L'Association libanaise de l'hémophilie
« Ma vie a commencé à 18 ans, avec la prophylaxie », répète-t-il. « Grâce aux 1 000 unités du facteur antihémophilique que je m'administre un jour sur deux, je suis passé d'une hémophile sévère à une hémophilie modérée. Je n'ai plus peur des hémorragies spontanées », raconte Antoine qui dévoile un autre moment marquant dans son parcours avec l'hémophilie : sa rencontre avec l'Association libanaise de l'hémophilie (ALH) et sa présidente Solange Sakr. « J'avais douze ans à l'époque. Avec l'ALH, j'ai commencé à comprendre c'est quoi l'hémophilie. Et les choses se sont un peu améliorées pour moi. J'avais moins de douleurs, puisque je prenais les médicaments rapidement avant que l'articulation ne soit gorgée de sang et douloureuse. Et au lieu de rester dix jours à la maison à attendre que les saignements soient contenus, je récupérais après deux jours. »
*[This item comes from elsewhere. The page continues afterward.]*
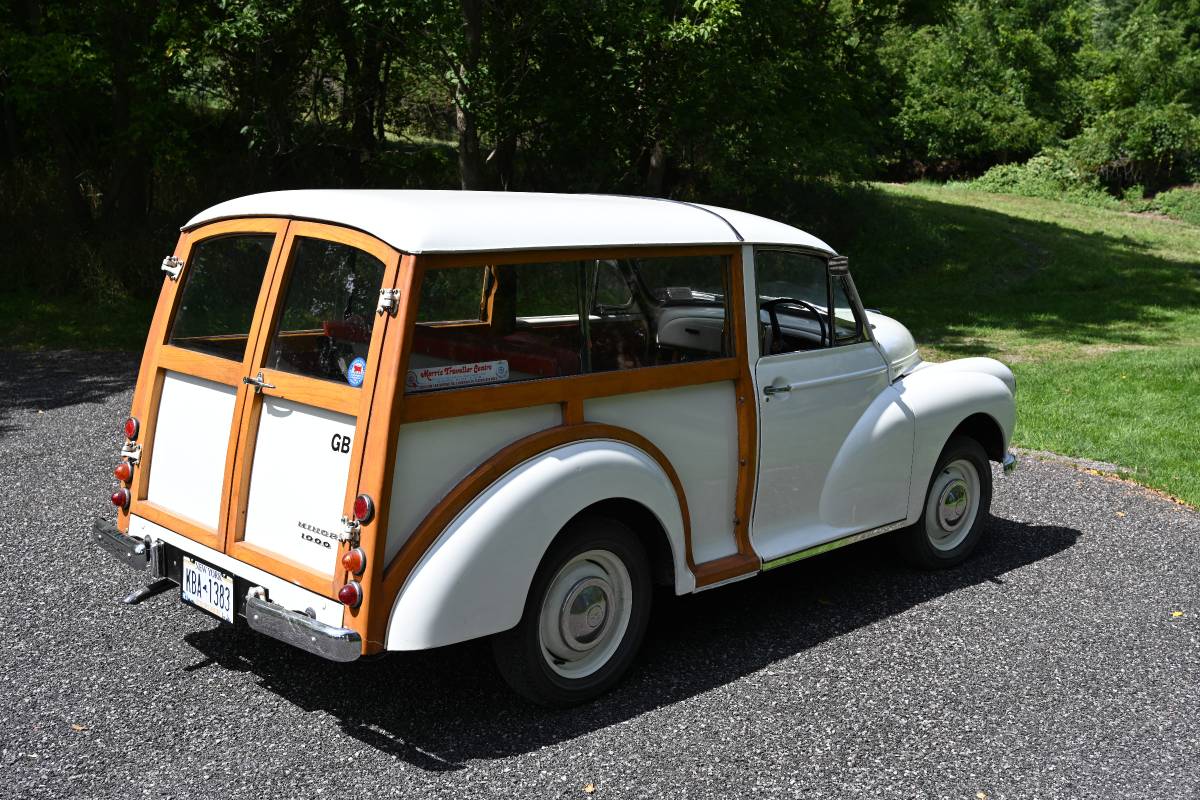 Morris-minor-traveller-1000-1968-white-5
Aujourd'hui, grâce au traitement préventif qu'il suit, Antoine voit l'avenir avec optimisme. « Je me suis fait des amis. Je sors. Je poursuis des études supérieures. Je vais à la fac. J'effectue des stages. Comme tous les autres jeunes. Bien sûr, je saigne encore parfois. Et je suis conscient des risques que j'encours, mais je continue ma vie normalement. Et il m'arrive désormais d'oublier pour un instant que je suis hémophile. »

*Nom fictif pour préserver son anonymat.

Au terme d'une journée d’orientation professionnelle organisée conjointement avec Novo Nordisk le 12 décembre, les membres de l’Association libanaise de l’hémophilie (ALH) posent avec la présidente de l’Association, Solange Sakr (deuxième à gauche).